Otter also lets you change the speaker IDs for individual blocks of text. Unfortunately, Otter isn’t great at separating sections on its own; it often split paragraphs in weird places. That said, Otter does have some clever features. For example, once you add a speaker ID to a section, it automatically goes through the rest of the transcript and adds that name to whatever paragraphs it detects as having the same speaker. It uses the same information to identify the same person in any other conversations or recordings hosted on your account, as well, though this feature only partially worked in testing.
To test out the accuracy of the transcription services, I uploaded the same 16-minute recording to each one. The original recording of a three-person conference call came from an Olympus VN-722PC dedicated voice recorder. It’s not an easy recording, but all the voices are clearly audible. Although this is not Otter’s primary purpose, it’s the best way to compare its ASR engine directly to that of other services.
Otter finished the transcription process in about six minutes. All of the automated transcription services completed the task in the range of three to four minutes. The quickest human-based transcription, Rev, only required about an hour for the same task.
Instead of comparing the entirety of each transcript, I chose three paragraphs, one from each speaker on the call. For each snippet of the transcript, I marked an error wherever there was a missing or an extra word. I calculated the overall error rate by dividing the total number of mistakes into the total number of words across the combined sections (in this case, 201 words). The sample for section A is a short introductory section. Section B is slightly longer and uses more complex vocabulary. Section C is even lengthier and contains some technical language.
Otter produced excellent results for an automatic service (it only had an error rate of 17 percent), but it still fell short of the human-based service I tested. For comparison, Rev only had an error rate of 3 percent and Scribie turned in a final copy with 6 percent. Take a look at the full chart below for the complete breakdown.

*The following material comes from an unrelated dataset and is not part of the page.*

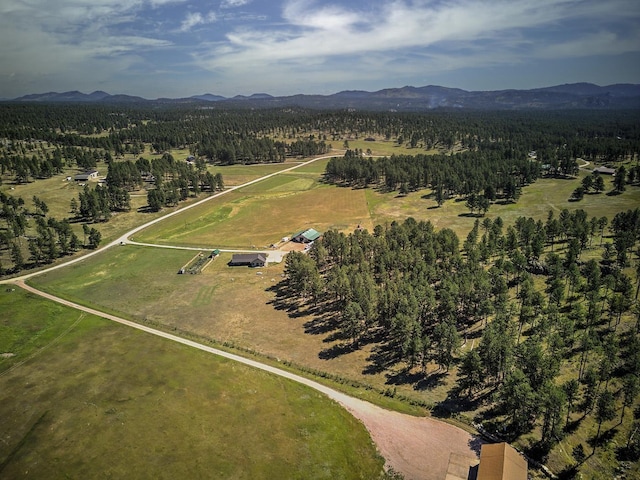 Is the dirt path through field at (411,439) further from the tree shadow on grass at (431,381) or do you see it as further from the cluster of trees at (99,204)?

I retested all the automatic services, including Otter, with a simpler recording (two people, in-person) and calculated the error rate, in the same manner, using two samples, instead of three. The automatic services fared better with this task as a whole, but they still weren’t perfect. Otter actually fell to the middle of the pack with an error rate of 21 percent, though this was not too far off from Trint’s 14 percent or Temi’s 20 percent. The full results of the second test appear below.
Talk and Transcribe
Wherever and whenever you have an important conversation, you should have some way to record it and turn it into usable text data. Otter’s focus on real-time transcriptions and sharing make it an innovative option in the space. It’s more consistently accurate than any automatic transcription service we tested, even if it can’t compete with human-based services. After a few iterations, Otter could very well be a front-runner in the category, but for now, we recommend using Editors’ Choice Rev for affordable and accurate transcripts.